• [Problem details]
Set down all of the data exactly as it appears.

• [Information given]
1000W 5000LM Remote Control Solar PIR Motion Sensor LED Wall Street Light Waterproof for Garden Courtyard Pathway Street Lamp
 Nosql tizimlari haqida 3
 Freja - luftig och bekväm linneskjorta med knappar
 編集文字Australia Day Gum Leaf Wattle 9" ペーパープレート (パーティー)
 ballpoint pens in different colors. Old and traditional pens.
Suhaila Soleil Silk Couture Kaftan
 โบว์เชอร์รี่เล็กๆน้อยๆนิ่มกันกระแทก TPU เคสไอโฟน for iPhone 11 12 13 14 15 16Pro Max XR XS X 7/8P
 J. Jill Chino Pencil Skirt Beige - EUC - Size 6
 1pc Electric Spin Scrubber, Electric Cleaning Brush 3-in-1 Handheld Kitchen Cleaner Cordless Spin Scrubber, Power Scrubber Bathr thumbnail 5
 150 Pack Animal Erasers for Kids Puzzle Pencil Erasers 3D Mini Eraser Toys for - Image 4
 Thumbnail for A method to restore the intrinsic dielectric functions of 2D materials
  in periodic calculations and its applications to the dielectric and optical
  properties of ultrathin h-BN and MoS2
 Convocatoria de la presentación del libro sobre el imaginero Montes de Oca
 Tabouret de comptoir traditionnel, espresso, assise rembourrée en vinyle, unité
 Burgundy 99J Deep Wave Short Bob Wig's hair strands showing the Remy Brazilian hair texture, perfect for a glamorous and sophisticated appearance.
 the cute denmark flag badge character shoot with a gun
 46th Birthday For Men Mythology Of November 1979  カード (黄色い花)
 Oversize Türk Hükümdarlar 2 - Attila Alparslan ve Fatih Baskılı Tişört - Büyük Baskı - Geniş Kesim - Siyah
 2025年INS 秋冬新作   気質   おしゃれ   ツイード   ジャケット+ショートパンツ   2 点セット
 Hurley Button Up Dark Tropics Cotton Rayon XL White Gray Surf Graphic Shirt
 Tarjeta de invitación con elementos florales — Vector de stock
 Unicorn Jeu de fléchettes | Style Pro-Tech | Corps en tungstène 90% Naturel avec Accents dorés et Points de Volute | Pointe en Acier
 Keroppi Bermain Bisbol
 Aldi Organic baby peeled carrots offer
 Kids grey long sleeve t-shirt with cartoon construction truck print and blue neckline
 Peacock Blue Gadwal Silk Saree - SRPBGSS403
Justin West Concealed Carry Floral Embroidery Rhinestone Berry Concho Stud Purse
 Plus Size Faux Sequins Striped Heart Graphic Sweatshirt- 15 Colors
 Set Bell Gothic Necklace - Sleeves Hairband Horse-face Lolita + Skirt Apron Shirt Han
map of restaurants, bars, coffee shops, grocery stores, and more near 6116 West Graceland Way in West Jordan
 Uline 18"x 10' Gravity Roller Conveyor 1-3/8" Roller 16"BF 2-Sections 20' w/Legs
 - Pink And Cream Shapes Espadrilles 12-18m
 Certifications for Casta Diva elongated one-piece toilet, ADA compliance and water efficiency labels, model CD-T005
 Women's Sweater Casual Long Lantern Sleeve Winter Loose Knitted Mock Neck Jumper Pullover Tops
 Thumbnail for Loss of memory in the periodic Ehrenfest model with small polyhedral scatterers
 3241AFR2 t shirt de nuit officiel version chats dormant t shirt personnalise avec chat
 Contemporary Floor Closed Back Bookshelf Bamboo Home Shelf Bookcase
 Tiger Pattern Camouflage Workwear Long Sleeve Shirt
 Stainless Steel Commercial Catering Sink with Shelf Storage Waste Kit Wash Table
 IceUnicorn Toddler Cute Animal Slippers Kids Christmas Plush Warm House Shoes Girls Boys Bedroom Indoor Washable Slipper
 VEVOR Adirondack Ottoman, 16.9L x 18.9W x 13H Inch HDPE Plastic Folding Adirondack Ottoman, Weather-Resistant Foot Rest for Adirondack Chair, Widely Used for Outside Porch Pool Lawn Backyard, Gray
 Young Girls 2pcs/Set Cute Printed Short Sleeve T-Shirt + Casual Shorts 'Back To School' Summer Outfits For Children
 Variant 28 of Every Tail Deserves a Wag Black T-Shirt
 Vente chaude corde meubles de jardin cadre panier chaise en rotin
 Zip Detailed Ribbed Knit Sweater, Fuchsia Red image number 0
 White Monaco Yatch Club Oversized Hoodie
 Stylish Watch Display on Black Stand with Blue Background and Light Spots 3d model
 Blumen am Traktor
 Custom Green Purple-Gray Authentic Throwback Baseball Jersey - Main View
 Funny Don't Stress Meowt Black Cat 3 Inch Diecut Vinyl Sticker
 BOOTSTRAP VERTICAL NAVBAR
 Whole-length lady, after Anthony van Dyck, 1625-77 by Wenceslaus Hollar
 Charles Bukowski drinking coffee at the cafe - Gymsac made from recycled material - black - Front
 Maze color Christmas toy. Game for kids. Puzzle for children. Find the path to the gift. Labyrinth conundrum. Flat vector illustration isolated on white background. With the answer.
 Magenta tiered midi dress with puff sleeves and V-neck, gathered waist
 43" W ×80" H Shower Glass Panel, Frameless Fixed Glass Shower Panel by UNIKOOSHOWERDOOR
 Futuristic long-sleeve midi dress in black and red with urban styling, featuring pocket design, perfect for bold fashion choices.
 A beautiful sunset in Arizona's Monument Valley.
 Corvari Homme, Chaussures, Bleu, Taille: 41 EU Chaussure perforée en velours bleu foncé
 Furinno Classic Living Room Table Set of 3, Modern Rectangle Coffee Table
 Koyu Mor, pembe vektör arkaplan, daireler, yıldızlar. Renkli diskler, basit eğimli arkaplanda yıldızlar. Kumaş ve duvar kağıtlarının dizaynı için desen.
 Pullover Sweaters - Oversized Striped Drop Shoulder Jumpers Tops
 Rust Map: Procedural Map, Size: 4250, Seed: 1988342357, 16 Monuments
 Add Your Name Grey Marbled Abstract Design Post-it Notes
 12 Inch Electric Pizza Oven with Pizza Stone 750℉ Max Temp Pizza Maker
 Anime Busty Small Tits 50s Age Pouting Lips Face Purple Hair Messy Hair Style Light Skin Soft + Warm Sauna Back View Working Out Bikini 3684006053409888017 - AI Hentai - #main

• [Answer below]
1000W 5000LM Remote Control Solar PIR Motion Sensor LED Wall Street Light Waterproof for Garden Courtyard Pathway Street Lamp
 Nosql tizimlari haqida 3
 Freja - luftig och bekväm linneskjorta med knappar
 編集文字Australia Day Gum Leaf Wattle 9" ペーパープレート (パーティー)
 ballpoint pens in different colors. Old and traditional pens.
Suhaila Soleil Silk Couture Kaftan
 โบว์เชอร์รี่เล็กๆน้อยๆนิ่มกันกระแทก TPU เคสไอโฟน for iPhone 11 12 13 14 15 16Pro Max XR XS X 7/8P
 J. Jill Chino Pencil Skirt Beige - EUC - Size 6
 1pc Electric Spin Scrubber, Electric Cleaning Brush 3-in-1 Handheld Kitchen Cleaner Cordless Spin Scrubber, Power Scrubber Bathr thumbnail 5
 150 Pack Animal Erasers for Kids Puzzle Pencil Erasers 3D Mini Eraser Toys for - Image 4
 Thumbnail for A method to restore the intrinsic dielectric functions of 2D materials
  in periodic calculations and its applications to the dielectric and optical
  properties of ultrathin h-BN and MoS2
 Convocatoria de la presentación del libro sobre el imaginero Montes de Oca
 Tabouret de comptoir traditionnel, espresso, assise rembourrée en vinyle, unité
 Burgundy 99J Deep Wave Short Bob Wig's hair strands showing the Remy Brazilian hair texture, perfect for a glamorous and sophisticated appearance.
 the cute denmark flag badge character shoot with a gun
 46th Birthday For Men Mythology Of November 1979  カード (黄色い花)
 Oversize Türk Hükümdarlar 2 - Attila Alparslan ve Fatih Baskılı Tişört - Büyük Baskı - Geniş Kesim - Siyah
 2025年INS 秋冬新作   気質   おしゃれ   ツイード   ジャケット+ショートパンツ   2 点セット
 Hurley Button Up Dark Tropics Cotton Rayon XL White Gray Surf Graphic Shirt
 Tarjeta de invitación con elementos florales — Vector de stock
 Unicorn Jeu de fléchettes | Style Pro-Tech | Corps en tungstène 90% Naturel avec Accents dorés et Points de Volute | Pointe en Acier
 Keroppi Bermain Bisbol
 Aldi Organic baby peeled carrots offer
 Kids grey long sleeve t-shirt with cartoon construction truck print and blue neckline
 Peacock Blue Gadwal Silk Saree - SRPBGSS403
Justin West Concealed Carry Floral Embroidery Rhinestone Berry Concho Stud Purse
 Plus Size Faux Sequins Striped Heart Graphic Sweatshirt- 15 Colors
 Set Bell Gothic Necklace - Sleeves Hairband Horse-face Lolita + Skirt Apron Shirt Han
map of restaurants, bars, coffee shops, grocery stores, and more near 6116 West Graceland Way in West Jordan
 Uline 18"x 10' Gravity Roller Conveyor 1-3/8" Roller 16"BF 2-Sections 20' w/Legs
 - Pink And Cream Shapes Espadrilles 12-18m
 Certifications for Casta Diva elongated one-piece toilet, ADA compliance and water efficiency labels, model CD-T005
 Women's Sweater Casual Long Lantern Sleeve Winter Loose Knitted Mock Neck Jumper Pullover Tops
 Thumbnail for Loss of memory in the periodic Ehrenfest model with small polyhedral scatterers
 3241AFR2 t shirt de nuit officiel version chats dormant t shirt personnalise avec chat
 Contemporary Floor Closed Back Bookshelf Bamboo Home Shelf Bookcase
 Tiger Pattern Camouflage Workwear Long Sleeve Shirt
 Stainless Steel Commercial Catering Sink with Shelf Storage Waste Kit Wash Table
 IceUnicorn Toddler Cute Animal Slippers Kids Christmas Plush Warm House Shoes Girls Boys Bedroom Indoor Washable Slipper
 VEVOR Adirondack Ottoman, 16.9L x 18.9W x 13H Inch HDPE Plastic Folding Adirondack Ottoman, Weather-Resistant Foot Rest for Adirondack Chair, Widely Used for Outside Porch Pool Lawn Backyard, Gray
 Young Girls 2pcs/Set Cute Printed Short Sleeve T-Shirt + Casual Shorts 'Back To School' Summer Outfits For Children
 Variant 28 of Every Tail Deserves a Wag Black T-Shirt
 Vente chaude corde meubles de jardin cadre panier chaise en rotin
 Zip Detailed Ribbed Knit Sweater, Fuchsia Red image number 0
 White Monaco Yatch Club Oversized Hoodie
 Stylish Watch Display on Black Stand with Blue Background and Light Spots 3d model
 Blumen am Traktor
 Custom Green Purple-Gray Authentic Throwback Baseball Jersey - Main View
 Funny Don't Stress Meowt Black Cat 3 Inch Diecut Vinyl Sticker
 BOOTSTRAP VERTICAL NAVBAR
 Whole-length lady, after Anthony van Dyck, 1625-77 by Wenceslaus Hollar
 Charles Bukowski drinking coffee at the cafe - Gymsac made from recycled material - black - Front
 Maze color Christmas toy. Game for kids. Puzzle for children. Find the path to the gift. Labyrinth conundrum. Flat vector illustration isolated on white background. With the answer.
 Magenta tiered midi dress with puff sleeves and V-neck, gathered waist
 43" W ×80" H Shower Glass Panel, Frameless Fixed Glass Shower Panel by UNIKOOSHOWERDOOR
 Futuristic long-sleeve midi dress in black and red with urban styling, featuring pocket design, perfect for bold fashion choices.
 A beautiful sunset in Arizona's Monument Valley.
 Corvari Homme, Chaussures, Bleu, Taille: 41 EU Chaussure perforée en velours bleu foncé
 Furinno Classic Living Room Table Set of 3, Modern Rectangle Coffee Table
 Koyu Mor, pembe vektör arkaplan, daireler, yıldızlar. Renkli diskler, basit eğimli arkaplanda yıldızlar. Kumaş ve duvar kağıtlarının dizaynı için desen.
 Pullover Sweaters - Oversized Striped Drop Shoulder Jumpers Tops
 Rust Map: Procedural Map, Size: 4250, Seed: 1988342357, 16 Monuments
 Add Your Name Grey Marbled Abstract Design Post-it Notes
 12 Inch Electric Pizza Oven with Pizza Stone 750℉ Max Temp Pizza Maker
 Anime Busty Small Tits 50s Age Pouting Lips Face Purple Hair Messy Hair Style Light Skin Soft + Warm Sauna Back View Working Out Bikini 3684006053409888017 - AI Hentai - #main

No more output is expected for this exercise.